= Required work =
The required output is an exact restatement of the lines, starting with the one that contains "صورة توضيحية - السفير" and finishing with the last line of the listing. It contains no pictures.
+---+
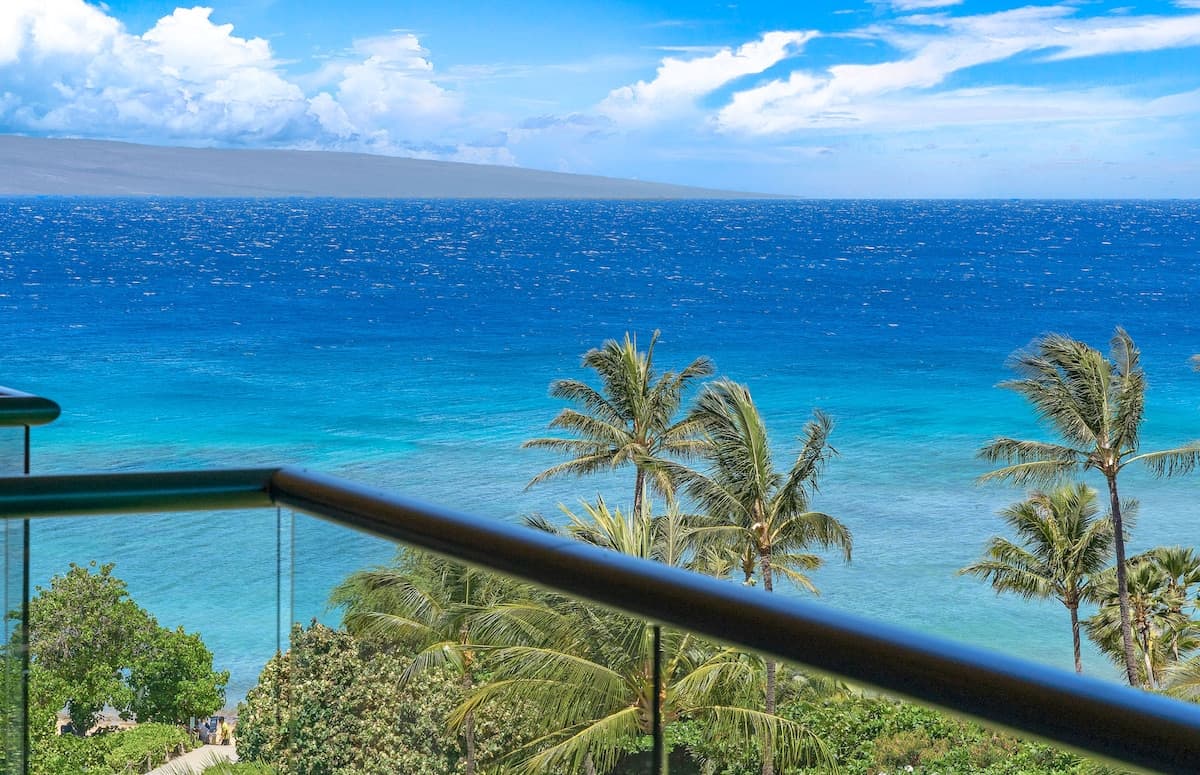 Condo in Lahaina · ★4.96 · 1 bedroom · 3 beds · 1 shared bath - Photo 1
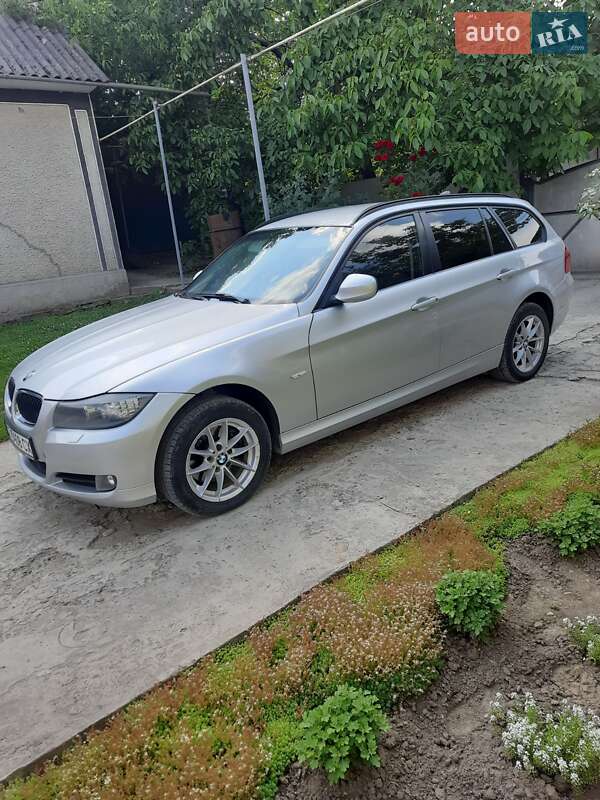 2011 bmw 3 series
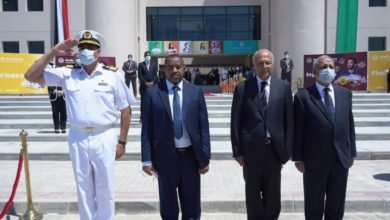 صورة توضيحية - السفير الدكتور كمال حسن علي الأمين العام المساعد للشؤون الاقتصادية بالجامعة والوزير المفوض محمد خير مدير إدارة المنظمات بالجامعة يشهدان على توقيع هذا المرسوم !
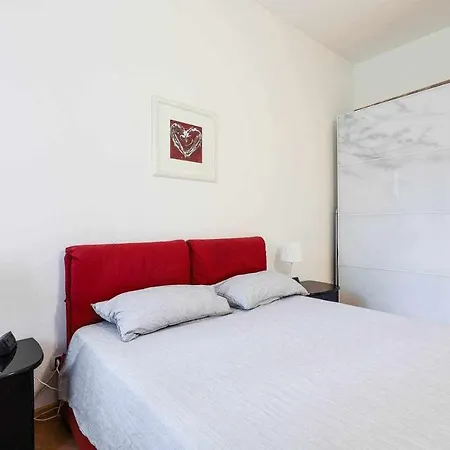 Sv18c -charming Modern Flat S. Ambrogio Апартаменты Милан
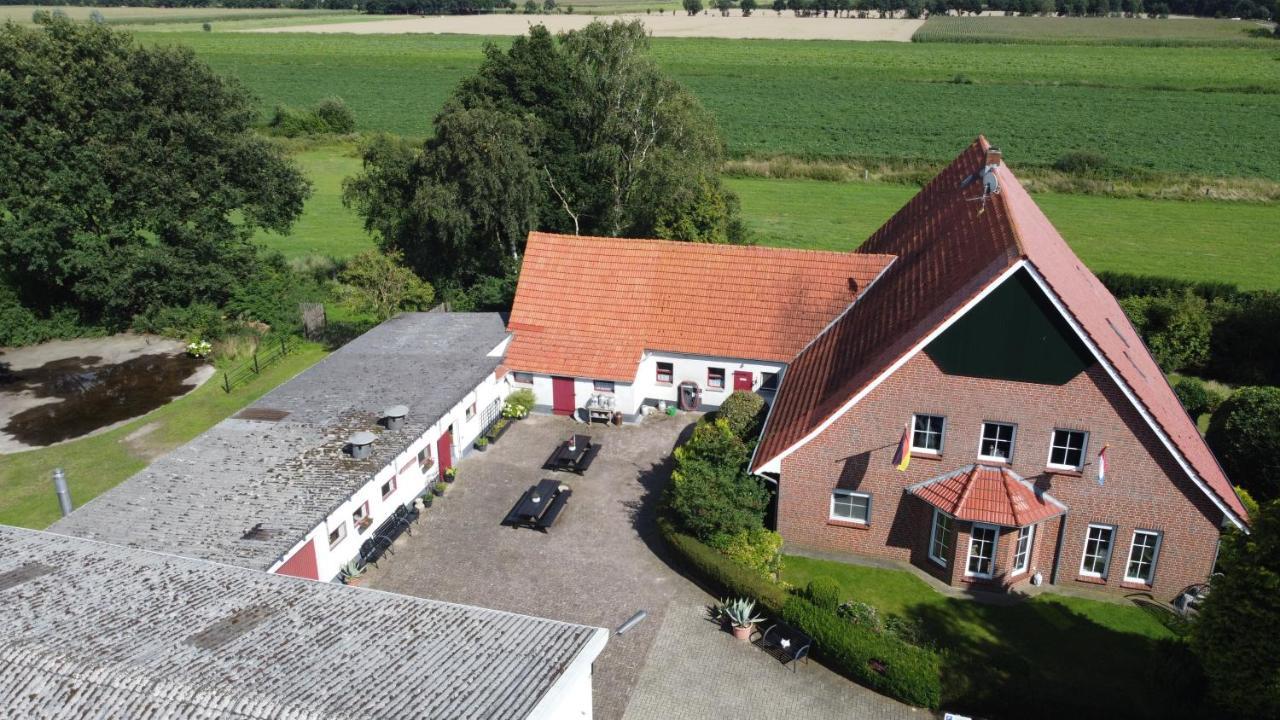 Ferienbauernhof De Slaaphoeve 엠리크하임 외부 사진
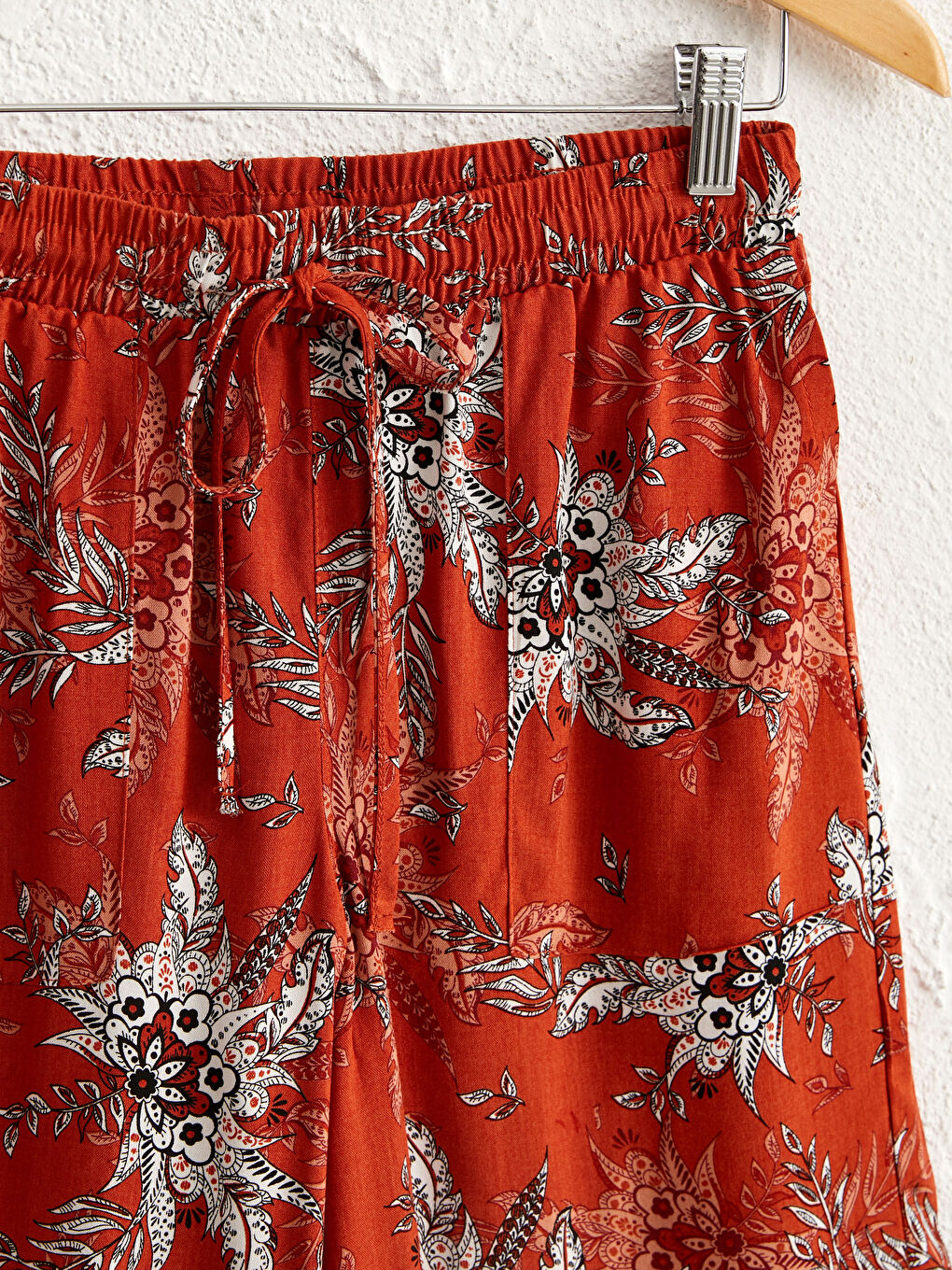 Turuncu Beli Lastikli Desenli Viskon Şort-2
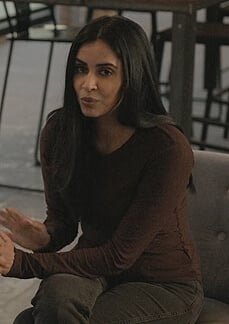 Saanvi brown long sleeve top on Manifest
+---+
= Solution below =
 صورة توضيحية - السفير الدكتور كمال حسن علي الأمين العام المساعد للشؤون الاقتصادية بالجامعة والوزير المفوض محمد خير مدير إدارة المنظمات بالجامعة يشهدان على توقيع هذا المرسوم !
 Sv18c -charming Modern Flat S. Ambrogio Апартаменты Милан
 Ferienbauernhof De Slaaphoeve 엠리크하임 외부 사진
 Turuncu Beli Lastikli Desenli Viskon Şort-2
 Saanvi brown long sleeve top on Manifest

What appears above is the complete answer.